- Material shown -
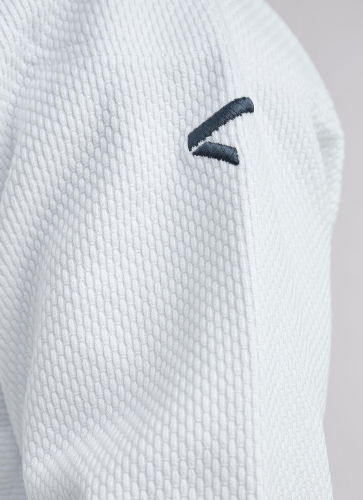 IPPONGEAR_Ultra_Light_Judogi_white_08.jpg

==

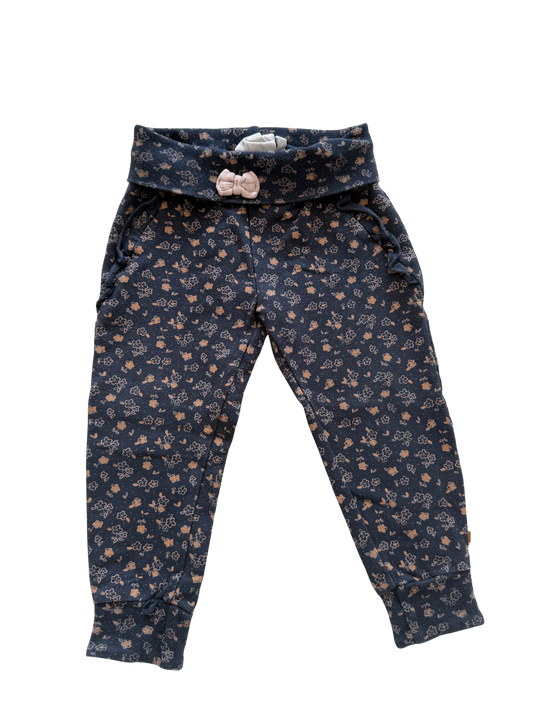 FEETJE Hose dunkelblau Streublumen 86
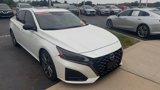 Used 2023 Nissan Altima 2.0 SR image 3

- Instructions to follow -
Set down again, exactly, every line above from the one with "FEETJE Hose dunkelblau Streublumen 86" down to the one with "Used 2023 Nissan Altima 2.0 SR image 3", both ends included. No pictures, and nothing else.

- Response for this exercise -
 FEETJE Hose dunkelblau Streublumen 86
 Used 2023 Nissan Altima 2.0 SR image 3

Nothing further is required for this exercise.